### Your objective
Retype the material that follows exactly, limited to the lines from the one with "Движимое имущество: транспортное" through the one with "Vehicle image 6 of 28", and keep out all pictures.

### Material provided
--- START ---

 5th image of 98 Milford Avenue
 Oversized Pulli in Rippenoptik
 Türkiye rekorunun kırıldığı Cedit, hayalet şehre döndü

--- END ---
--- START ---

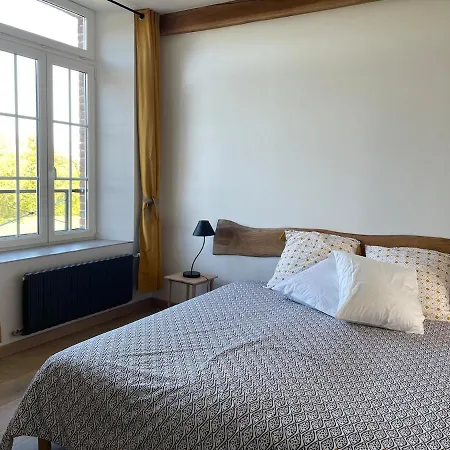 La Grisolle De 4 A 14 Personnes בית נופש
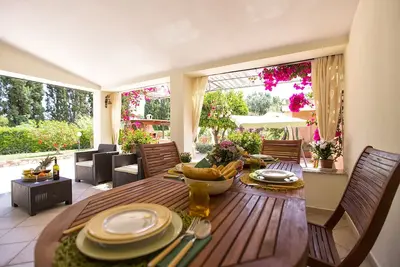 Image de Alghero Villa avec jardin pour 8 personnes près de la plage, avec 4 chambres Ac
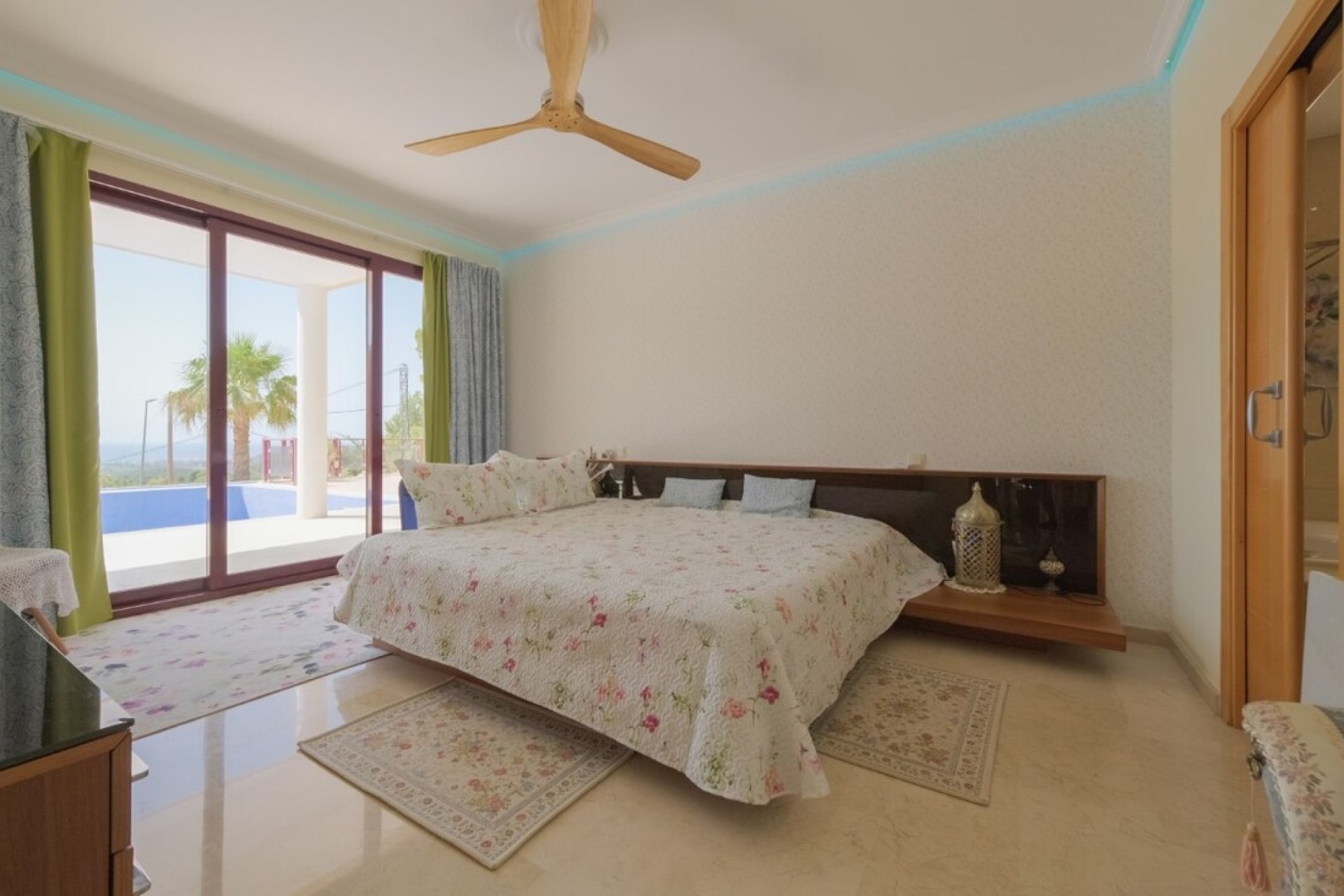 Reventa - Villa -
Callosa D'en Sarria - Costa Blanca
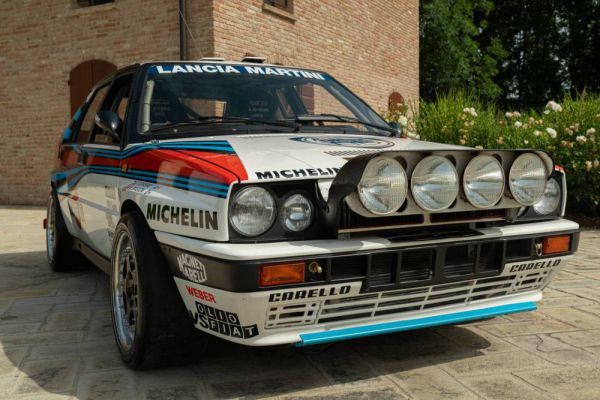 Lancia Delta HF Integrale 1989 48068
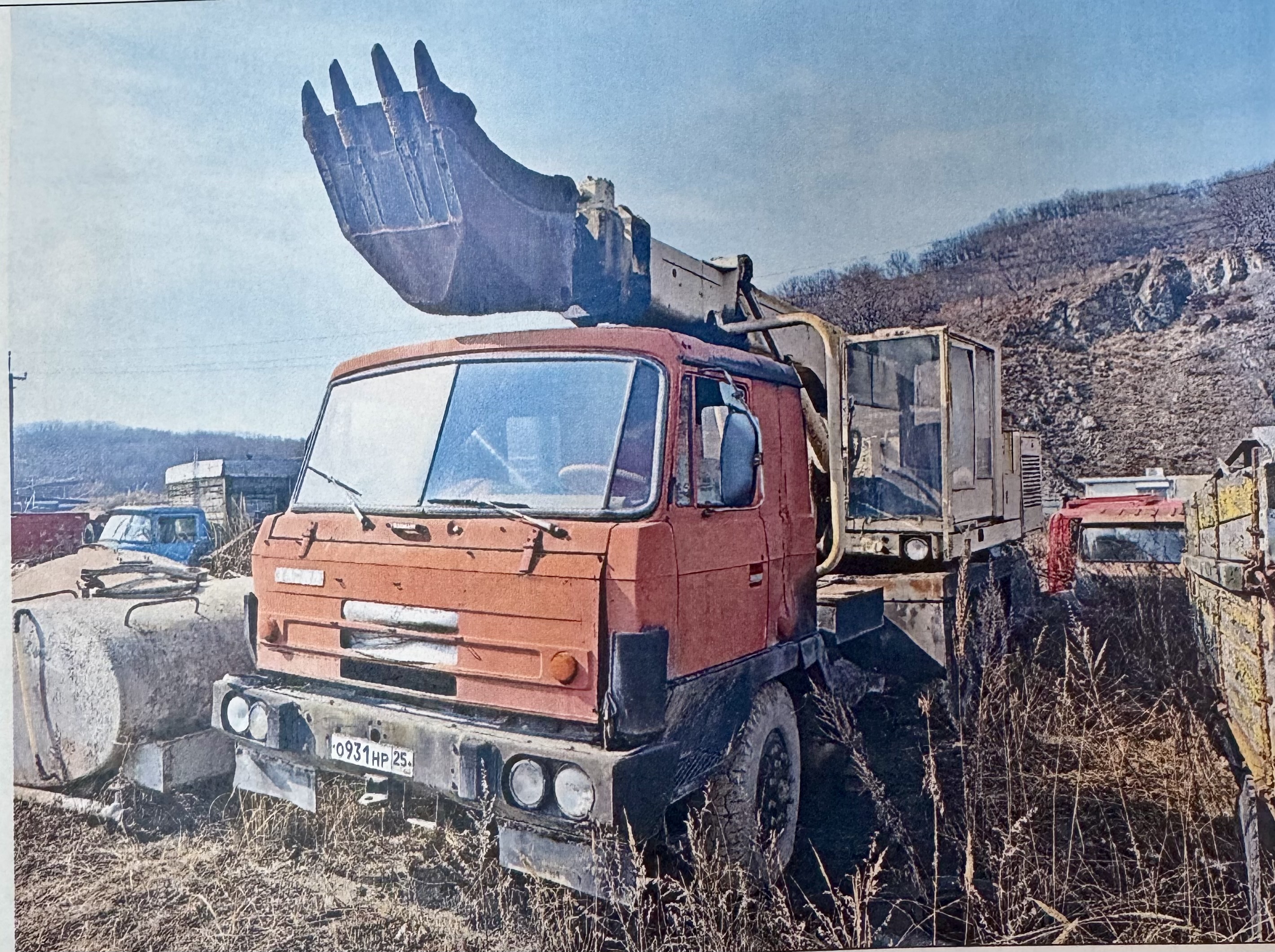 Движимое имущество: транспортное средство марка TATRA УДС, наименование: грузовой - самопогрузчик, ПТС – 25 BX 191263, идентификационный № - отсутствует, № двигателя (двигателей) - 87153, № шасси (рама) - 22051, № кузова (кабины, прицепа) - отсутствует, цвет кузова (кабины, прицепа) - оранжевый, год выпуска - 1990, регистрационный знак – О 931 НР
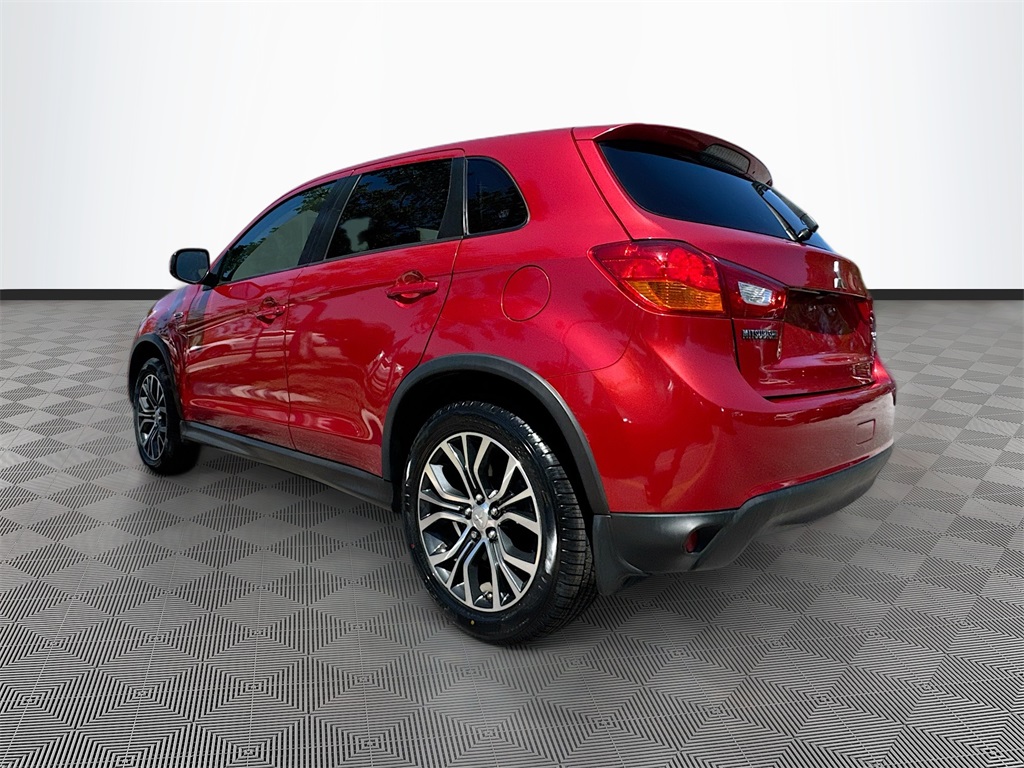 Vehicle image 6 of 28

--- END ---

### Solution for this problem
 Движимое имущество: транспортное средство марка TATRA УДС, наименование: грузовой - самопогрузчик, ПТС – 25 BX 191263, идентификационный № - отсутствует, № двигателя (двигателей) - 87153, № шасси (рама) - 22051, № кузова (кабины, прицепа) - отсутствует, цвет кузова (кабины, прицепа) - оранжевый, год выпуска - 1990, регистрационный знак – О 931 НР
 Vehicle image 6 of 28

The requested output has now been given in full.